We have found differences in the median percentage of CD4+ lymphocytes – it was higher in donors (44,3%) than in recipients (40,1%). Among CD4+ population there were also similar tendencies in CD4+ naïve cells and CD4+ EM (Effector Memory) cells. CD4+ naïve cells accounted for 24,5% in recipients and 38% in donors (p = 0,06). On the other hand CD4+ EM comprised of 28,8% in recipients and 19,8% in donors (p = 0,07). Interestingly, such changes are typical for physiological ageing. Physiologically, the decrement of naïve cells during the ageing process is caused mainly due to thymic involution, as well as expansion of memory cells [17]. In the allo-HCT long-term survivors, the mechanism could be similar as thymus suffers considerable injury after conditioning [18]. Though the decrement of the percentage of naïve cells is not limited to CD4+ naïve cells, we did not find differences nor any trends in CD8+ naïve cells. Moreover, with age the percentage of differentiated CD4+ and CD8+ memory and central memory cells increases [19]. Though we have found such tendency in CD4+ EM, strangely there were no trends in CD8+ EM. The increased proliferation of CD8+ lymphocytes was already mentioned above. We did not find differences or trends in CD8+ percentages with the exception found in the subpopulation expressing Eomesodermin (CD8+ Eomes+). In recipients it was greater than in donors – 39,4% and 31,5% respectively (p = 0,07). Eomesodermin is a transcription factor expression of which in CD4+ and CD8+ seems to be essential for development of effector memory cells [20] and therefore increased percentage of CD4+ and CD8+ with expression of this transcription factor may be one of the indicators of aged immune system.
In our study, we have found a significant decrease in CD4+/CD8+ ratio in recipients [1, 5] compared to their donors [1, 2] who retained normal CD4+/CD8+ ratio [21] (Table 4). Interestingly, in physiological ageing, inverted CD4+/CD8+ is common. It affects about 16% of people between 60 and 94 years of age [22] and is one of the features of immunosenescence [23, 24]. Our observation may suggest that decreased CD4+/CD8+ ratio in allo-HCT recipients is a sign of T cell exhaustion and/or accelareted ageing induced by allo-HCT.

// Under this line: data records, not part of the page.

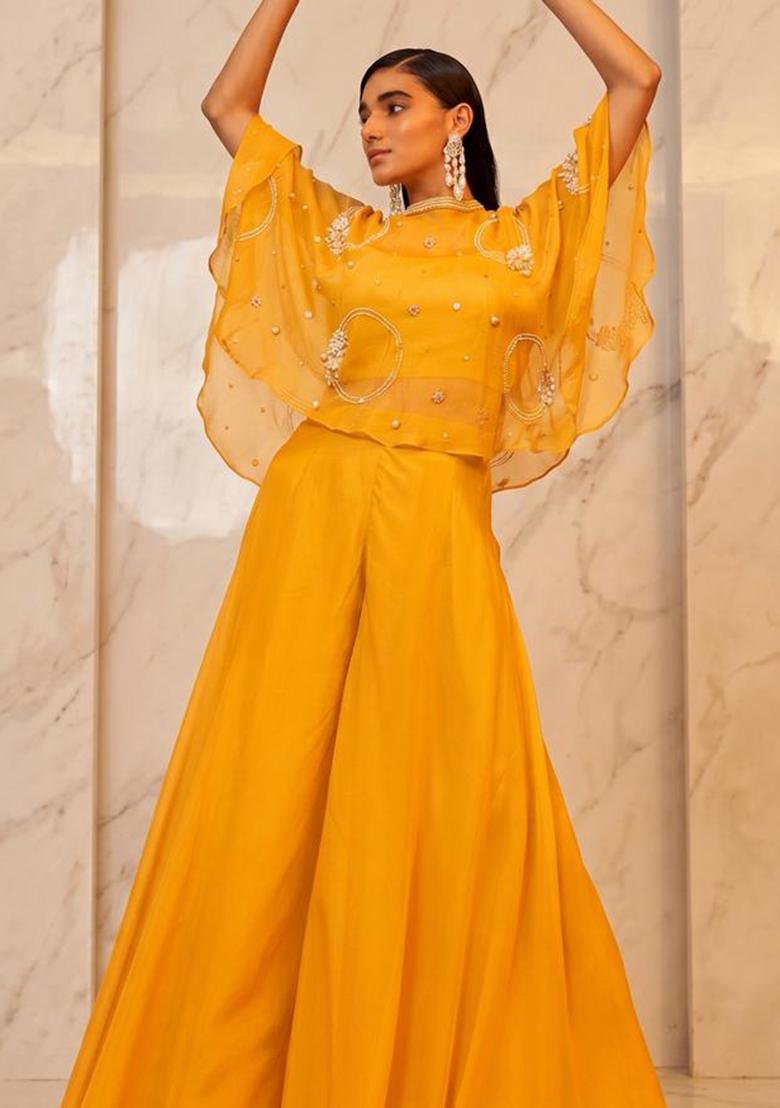 Mustard Embroidered Handwork Lehenga Set - Indya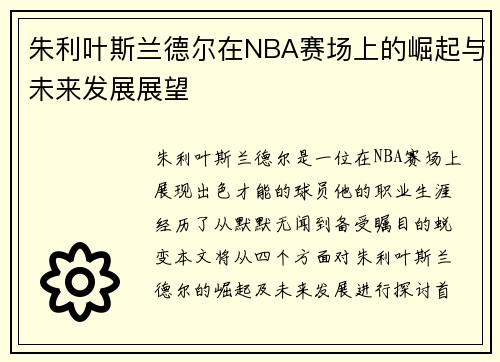朱利叶斯兰德尔在NBA赛场上的崛起与未来发展展望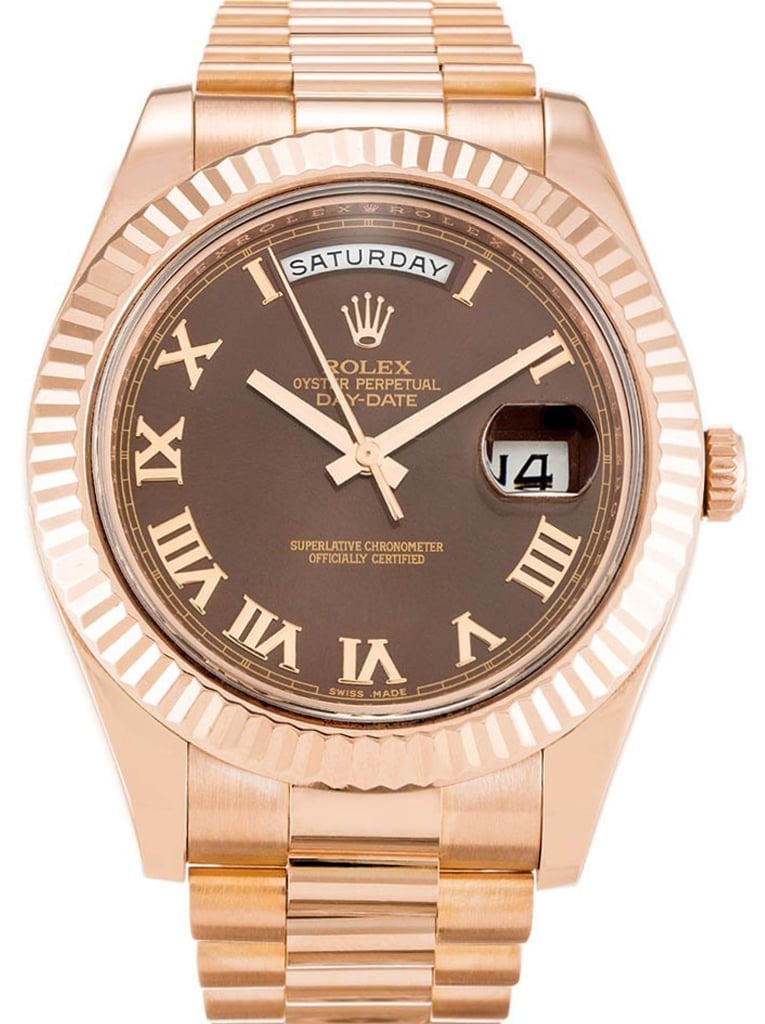 Rolex Day-Date II 41mm Chocolate Dial 218235 view 2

We have found that B-cell percentage of the total lymphocyte population significantly differs between recipients and donors – 11,3% and 8,5% respectively (p = 0,03). In physiological ageing, we observe a decrement of both percentage and absolute count of CD19+ cells [25, 26]. Strangely, we have found an increased percentage of B-lymphocytes in recipients compared to their donors. This might result from the increased incidence of autoimmune diseases in all-HCT recipients compared to their respective donors as an example of “alloimmunization” [27]. We also observed some interesting trends in the percentages of B1 and B2 lymphocytes. Recipients tended to show lower percentage of B1 lymphocytes – 17,2% compared to donors 21,7% (p = 0,08) and greater percentage of B2 lymphocytes 81,6% in recipients compared to 77% in donors (p = 0,07). In physiological ageing, the proportion of B1 cells which produce antibodies without antigen stimulation and are the part of innate immunity [28] decreases with age which may be connected with increased incidence of infections in older age [29]. As a consequence, the proportion of B2 cells which make up the majority of B-cells is increased though the absolute count decreases [26]. It seems that changes in B-cells in recipients of allo-HCT tend to mimic those observed in physiological ageing process.
Infectious risk status influence
We were not able to confirm our initial hypothesis of greater telomeric shortening in individuals with high infectious risk status. This observation supports Mathioudakis et al. suggestion that demand for increased proliferation of hematopoietic stem cells stabilizes early after the period of initial post-transplant acceleration [30] and maybe limited only to the reconstitution period and is not affected by other post-transplant complications.
Immunophenotypic differences between recipients stratified according to infection risk status revealed that in recipients with low risk status there were higher percentages of NK cells (p = 0,0344). Among NK cells there were also higher percentage of NK dim population (p = 0,0344) and NK with the expression of perforin NK Perforin (p = 0,0079) in recipients with low risk status. In physiological ageing process there is an increase in NK cells percentage and among them most pronounced in NKdim population [31, 32]. Interestingly, the perforin (that is an effector of the cytotoxic activity of those cells) expression declines with age [32]. It would suggest that about 60% of recipients with lower incidence of infections (Table 1.) present both features of the aged innate immune system (NK cells specifically) and increased cytotoxic activity (increased Perforin expression) which results in decreased incidence of infections. We did not find any differences or even trends in Treg or NK cells populations though in physiological ageing process the number of Tregs decreases [33] and NK cells, especially dim population increases [31]. However, our sample could have been too small to identify them. Interestingly, changes in NK cells in low-risk status recipients may imply the pivotal role of the innate immune system in protection against infections in recipients of allo-HCT.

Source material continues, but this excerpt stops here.